Greenwich Village has a history and a reputation as a Bohemian enclave, and more artists writers, and musicians have lived in the area than it is possible to name. Bob Dylan once lived at 161 West Fourth St., and 11 West Fourth St. is Electric Lady recording studios, made famous by Jimi Hendrix.
Now, though, the feel is very much that of a university town: a little bit Libertarian, a little bit left wing, but not too radical, not too dangerous, and just passing through on its way to something else.
This is understandable, of course, when NYU is right on the doorstep and apparently owns large parts of the village.
There are still the trappings of its past, though. Cafe Wha, still exists, though looking slightly faded, and Le Figaro still retains some of its charm. The statues in Stonewall Place still remember a time not so long ago, when personal liberties had to be fought for, and remind us that there are those who would turn back the clock in that regard. On the whole, though, Greenwich Village now feels quaint, safe, and a little ways away from the cutting edge.

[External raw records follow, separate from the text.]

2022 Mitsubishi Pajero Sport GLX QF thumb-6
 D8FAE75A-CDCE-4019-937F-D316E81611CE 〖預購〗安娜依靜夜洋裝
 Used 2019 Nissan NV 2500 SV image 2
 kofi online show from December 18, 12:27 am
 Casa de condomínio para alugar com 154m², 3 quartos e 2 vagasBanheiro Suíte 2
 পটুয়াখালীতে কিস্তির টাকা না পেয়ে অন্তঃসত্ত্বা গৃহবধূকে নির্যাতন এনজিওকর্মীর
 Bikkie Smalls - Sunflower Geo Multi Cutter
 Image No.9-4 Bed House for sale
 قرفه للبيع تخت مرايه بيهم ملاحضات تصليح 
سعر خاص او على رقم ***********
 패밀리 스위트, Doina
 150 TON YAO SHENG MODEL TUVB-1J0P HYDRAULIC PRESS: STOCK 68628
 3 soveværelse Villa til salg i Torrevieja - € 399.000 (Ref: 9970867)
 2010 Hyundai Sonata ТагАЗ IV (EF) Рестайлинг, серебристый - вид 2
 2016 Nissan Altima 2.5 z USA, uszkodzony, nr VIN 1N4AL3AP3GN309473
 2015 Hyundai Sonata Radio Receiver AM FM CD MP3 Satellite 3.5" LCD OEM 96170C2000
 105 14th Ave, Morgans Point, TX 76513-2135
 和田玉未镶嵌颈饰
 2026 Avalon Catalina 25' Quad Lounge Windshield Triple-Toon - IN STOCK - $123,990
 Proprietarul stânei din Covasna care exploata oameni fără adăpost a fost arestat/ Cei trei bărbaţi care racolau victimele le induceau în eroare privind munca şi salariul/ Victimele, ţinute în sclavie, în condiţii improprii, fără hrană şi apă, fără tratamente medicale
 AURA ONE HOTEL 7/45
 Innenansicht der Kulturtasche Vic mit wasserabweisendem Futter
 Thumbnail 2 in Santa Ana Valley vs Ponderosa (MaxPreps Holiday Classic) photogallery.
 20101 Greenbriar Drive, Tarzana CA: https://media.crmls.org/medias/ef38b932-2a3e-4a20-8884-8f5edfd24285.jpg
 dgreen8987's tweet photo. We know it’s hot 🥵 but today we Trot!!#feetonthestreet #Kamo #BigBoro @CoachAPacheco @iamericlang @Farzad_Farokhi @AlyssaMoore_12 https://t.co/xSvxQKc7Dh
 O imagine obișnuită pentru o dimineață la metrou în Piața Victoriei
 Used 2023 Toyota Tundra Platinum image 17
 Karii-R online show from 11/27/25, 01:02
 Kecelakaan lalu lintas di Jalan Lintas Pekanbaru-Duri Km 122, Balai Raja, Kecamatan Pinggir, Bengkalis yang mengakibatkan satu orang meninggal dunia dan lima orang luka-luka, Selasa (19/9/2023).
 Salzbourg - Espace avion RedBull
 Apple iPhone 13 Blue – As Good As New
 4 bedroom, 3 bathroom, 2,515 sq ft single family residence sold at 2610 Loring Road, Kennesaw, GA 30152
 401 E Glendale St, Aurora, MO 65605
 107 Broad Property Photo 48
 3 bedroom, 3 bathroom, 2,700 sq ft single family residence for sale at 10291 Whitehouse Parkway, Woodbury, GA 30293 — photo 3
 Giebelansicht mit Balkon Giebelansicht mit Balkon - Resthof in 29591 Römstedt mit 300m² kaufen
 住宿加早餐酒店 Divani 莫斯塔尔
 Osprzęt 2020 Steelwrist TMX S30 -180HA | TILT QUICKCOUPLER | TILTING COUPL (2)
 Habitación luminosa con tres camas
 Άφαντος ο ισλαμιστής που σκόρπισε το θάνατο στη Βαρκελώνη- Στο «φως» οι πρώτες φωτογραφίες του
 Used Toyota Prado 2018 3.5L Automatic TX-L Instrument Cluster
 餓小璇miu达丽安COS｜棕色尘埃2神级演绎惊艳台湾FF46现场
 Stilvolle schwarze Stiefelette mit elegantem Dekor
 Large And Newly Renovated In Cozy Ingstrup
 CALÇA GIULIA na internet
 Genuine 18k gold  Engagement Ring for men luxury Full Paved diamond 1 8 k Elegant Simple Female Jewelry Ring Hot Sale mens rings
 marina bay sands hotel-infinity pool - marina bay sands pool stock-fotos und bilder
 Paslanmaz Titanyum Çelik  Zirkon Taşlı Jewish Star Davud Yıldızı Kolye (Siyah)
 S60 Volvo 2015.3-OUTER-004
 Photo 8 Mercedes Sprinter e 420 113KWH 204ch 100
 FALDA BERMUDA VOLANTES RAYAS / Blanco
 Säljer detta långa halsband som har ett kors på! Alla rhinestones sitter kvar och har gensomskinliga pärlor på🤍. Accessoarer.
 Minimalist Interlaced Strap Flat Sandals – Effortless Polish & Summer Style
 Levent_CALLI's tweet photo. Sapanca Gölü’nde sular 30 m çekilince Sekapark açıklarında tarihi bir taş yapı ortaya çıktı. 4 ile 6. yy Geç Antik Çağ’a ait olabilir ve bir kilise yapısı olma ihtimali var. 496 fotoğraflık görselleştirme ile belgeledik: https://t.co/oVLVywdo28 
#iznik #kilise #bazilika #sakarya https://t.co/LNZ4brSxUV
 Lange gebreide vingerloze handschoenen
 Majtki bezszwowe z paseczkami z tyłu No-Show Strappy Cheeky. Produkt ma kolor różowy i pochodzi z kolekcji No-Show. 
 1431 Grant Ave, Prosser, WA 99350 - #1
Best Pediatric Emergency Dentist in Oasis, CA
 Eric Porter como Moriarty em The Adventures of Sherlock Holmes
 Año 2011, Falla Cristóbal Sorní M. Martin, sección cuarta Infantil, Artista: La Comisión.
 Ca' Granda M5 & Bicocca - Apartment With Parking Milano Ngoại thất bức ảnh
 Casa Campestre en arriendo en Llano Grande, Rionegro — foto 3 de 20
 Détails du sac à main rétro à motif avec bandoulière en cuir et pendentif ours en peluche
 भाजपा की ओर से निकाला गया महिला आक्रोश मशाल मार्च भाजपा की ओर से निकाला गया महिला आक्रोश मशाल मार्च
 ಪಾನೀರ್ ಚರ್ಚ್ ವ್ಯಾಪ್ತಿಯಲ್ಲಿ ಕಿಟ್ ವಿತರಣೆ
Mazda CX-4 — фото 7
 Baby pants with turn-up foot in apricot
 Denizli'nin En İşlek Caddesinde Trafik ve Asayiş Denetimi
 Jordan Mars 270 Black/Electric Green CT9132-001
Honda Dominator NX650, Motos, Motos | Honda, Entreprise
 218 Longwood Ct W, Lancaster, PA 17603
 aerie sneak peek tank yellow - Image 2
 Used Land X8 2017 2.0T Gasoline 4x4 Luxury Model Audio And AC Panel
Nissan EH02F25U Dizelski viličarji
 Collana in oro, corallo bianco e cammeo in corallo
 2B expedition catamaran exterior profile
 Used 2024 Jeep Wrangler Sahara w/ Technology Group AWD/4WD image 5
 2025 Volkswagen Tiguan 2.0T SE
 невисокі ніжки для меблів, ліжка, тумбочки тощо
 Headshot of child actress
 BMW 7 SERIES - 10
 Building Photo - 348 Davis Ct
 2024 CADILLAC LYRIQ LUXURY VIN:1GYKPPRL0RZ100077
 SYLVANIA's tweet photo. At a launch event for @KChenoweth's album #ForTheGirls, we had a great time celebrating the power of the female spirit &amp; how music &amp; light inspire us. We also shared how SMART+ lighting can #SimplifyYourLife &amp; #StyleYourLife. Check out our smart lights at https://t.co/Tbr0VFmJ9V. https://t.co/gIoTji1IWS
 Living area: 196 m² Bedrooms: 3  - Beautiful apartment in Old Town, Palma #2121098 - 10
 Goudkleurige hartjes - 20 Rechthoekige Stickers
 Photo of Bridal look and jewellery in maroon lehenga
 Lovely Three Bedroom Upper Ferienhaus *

It remains a great place, though, and has its highlights. Washington Square Park is a great area for people-watching and listening to buskers. The view from Sixth Avenue north to the Empire State Building is great, and Cafe Reggio on McDougal Street had the best coffee (and waffles) I had in New York.
On a fine evening, as the chess players set up their tables on Thompson Street and the cafés along Bleecker street and West 3rd start filling up, there is a buzz, and it is hard not to find yourself with a smile on your face. It is hard not to feel a part of something. Or maybe it is the ghost of something - who knows.
P.S. If you have young children (2 to 6) there is a great children’s playground at Abington Square (corner Bleecker and Bank sts.) in the West Village. It gets very hectic, but we have found that an hour in the playground keeps our daughter happy for a day or so of less obviously child-focused activities.